• [THE PROBLEM] A word-for-word copy of the listing, free of images, is the expected answer.

• [COLLECTED MATERIAL]
——

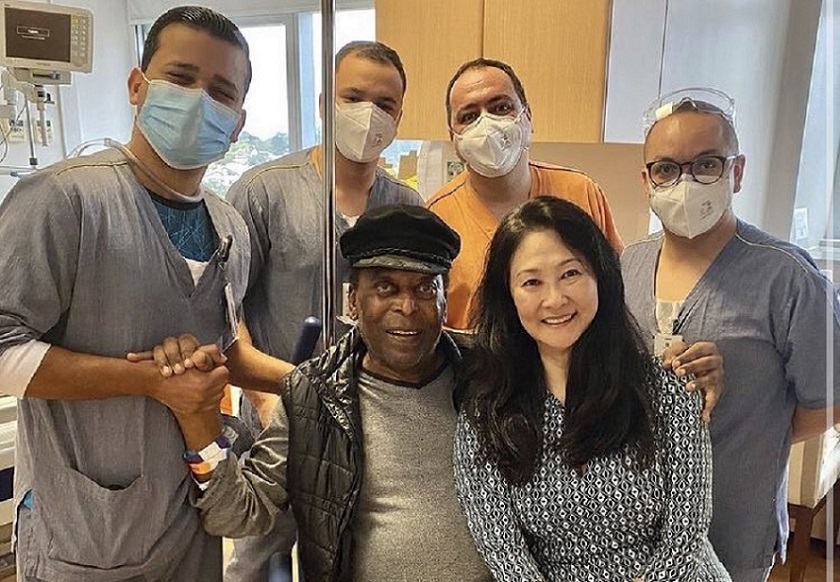 Pelé recebe alta e deixa hospital em São Paulo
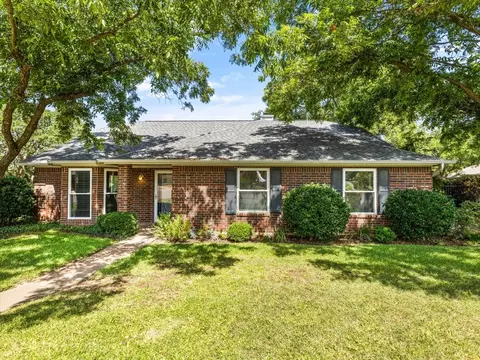 8900 Madewood Ct, Granbury, TX 76049
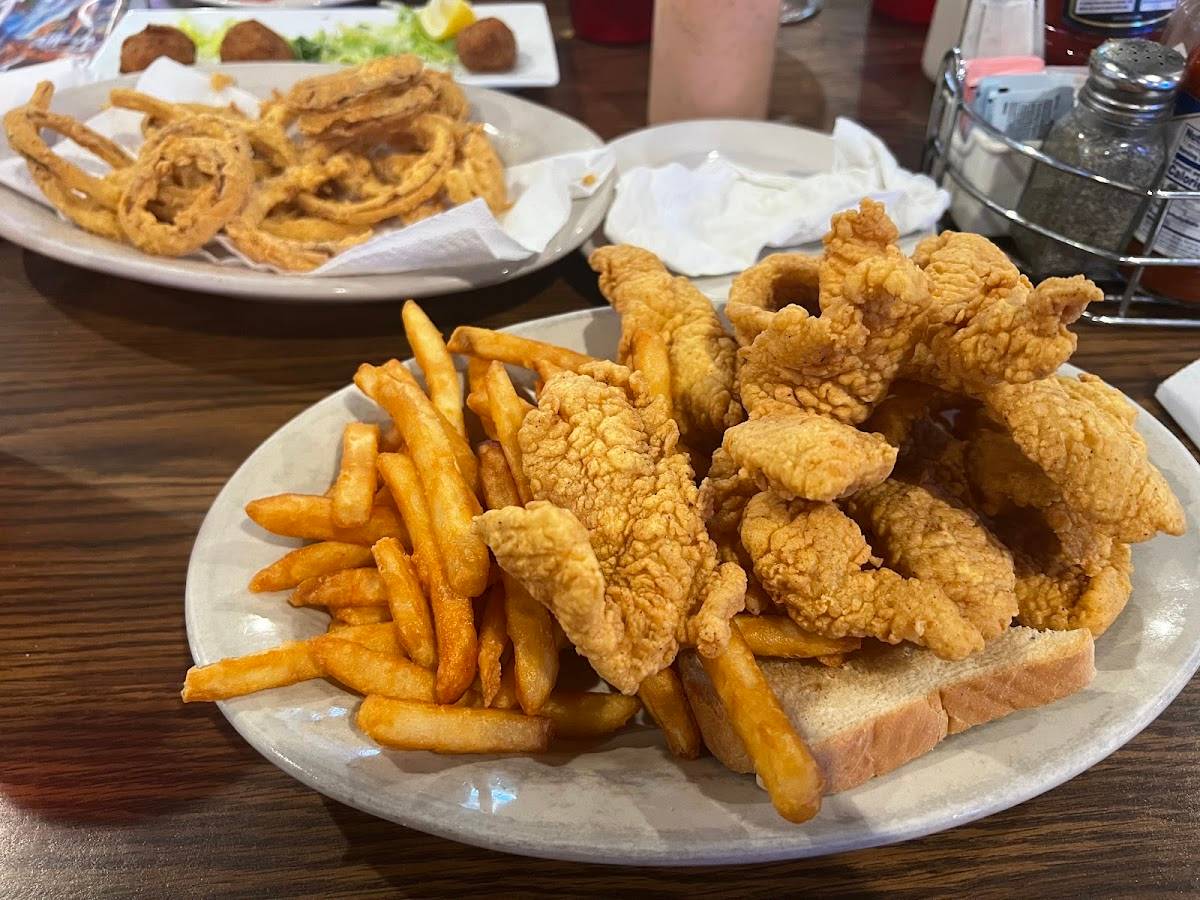 Jack Dempsey's Restaurant restaurant in New Orleans - photo 2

——

• [PROBLEM SOLUTION]
 Pelé recebe alta e deixa hospital em São Paulo
 8900 Madewood Ct, Granbury, TX 76049
 Jack Dempsey's Restaurant restaurant in New Orleans - photo 2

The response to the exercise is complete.